Distinto es el caso de Esa sangre. Aquí se contrasta
el tema de lo viejo y lo nuevo en la historia de Julián
Andrade, latifundista que estuvo unido (por cautela) a los villistas
y que al huir de los mismos en una situación peliaguda,
acaba refugiándose en la Argentina; veinte años
después, hecho una ruina física y moral, Andrade
viene a reclamar sus tierras. Toda la novela consiste en el retrato
del personaje (y de su hermana, la dura y hombruna beata Refugito);
ambos personajes aparecen contrastados violentamente con el México
posrevolucionario. Andrade viene con la tabla de valores de antes
del alzamiento y se encuentra con que nadie lo recuerda y si lo
recuerdan en para echarle en cara sus crímenes y su anterior
prepotencia.
Porque Julián Andrade es un ser despreciable. Y cuando
era el año sólo había sabido tiranizar, violentar,
matar. De ahí que la visión negra de Azuela resulte
ahora proyectada en las dos direcciones del relato. Hacia el presente,
con sus cohechos, el machismo desenfrenado y criminal del charro,
la constante beodez de todos; hacia el pasado, en la historia
(reconstruida por fragmentos) de los Andrade y los Ramírez,
historia sin otro sentido que el atropello y la furia personal.

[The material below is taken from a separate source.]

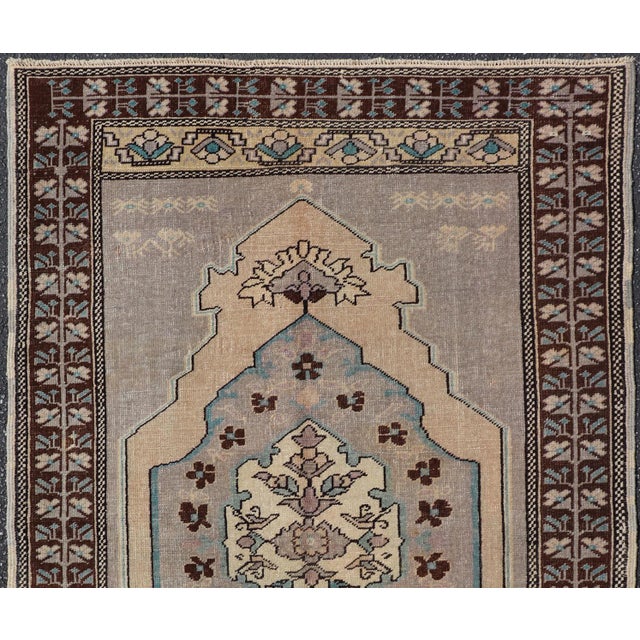 Vintage Turkish Medallion Oushak Area Rug in Gray, Taupe, Brown and Cream For Sale - Image 10 of 13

De modo que el juicio agrio que pasa Azuela sobre el presente
se proyecta también hacia el pasado. Se comprende mejor
entonces que no es por una imposible nostalgia del paraíso
porfirista que Azuela censura el México de hoy, que no
es por refugiarse en una visión como la de muchos escritores
sureños de Estados unidos (las hermosas casas aristocráticas,
el penetrante olor a magnolias, los esclavos convenientemente
amaestrados para proveer el musical coro) que Azuela censura la
realidad. Es por otra cosa.
Azuela no es un reaccionario: es un moralista. Y es por eso que
no tolera la imperfección del mundo. No la tolera porque
también él creyó (hacia 1910) que la sangre
derramada en los campos, y la muerte de los de arriba, era vías
directas para la solución de todas las injusticias, para
el reino de la felicidad sobre la tierra, para imponer (al fin)
el respeto de unos hombres por otros. Y lo que vio Azuela, lo
que vio el moralista, fue una corrupción sustituida por
otra, una violencia de arriba sustituida por la violencia de los
de abajo (vueltos ahora los de arriba). Vio eso, y sólo
vio eso. No vio que la revolución había hecho, y
hace, entre tanta obra mala, obra buena. Por no haberlo comprendido
nunca, sus novelas (a partir de Los de abajo y cada vez
en forma más cruda) se han convertido en la más
nítida denuncia de la realidad moral que yace bajo y sobre
la gran realización revolucionaria de México. La
sinceridad de su denuncia es lo único que salva, en definitiva,
a Azuela. Esa entereza de su actitud negativa que confirma lo
dicho por González de Mendoza: le dolía México,
como le dolía España al célebre vasco. Ese
dolor, esa llaga que no pudo cerrarse ni con la muerte, explica
aunque no justifican la actitud, la pasión, el encono,
con que queda retratado México en su vasta galería
de la que estas novelas póstumas son el agrio final."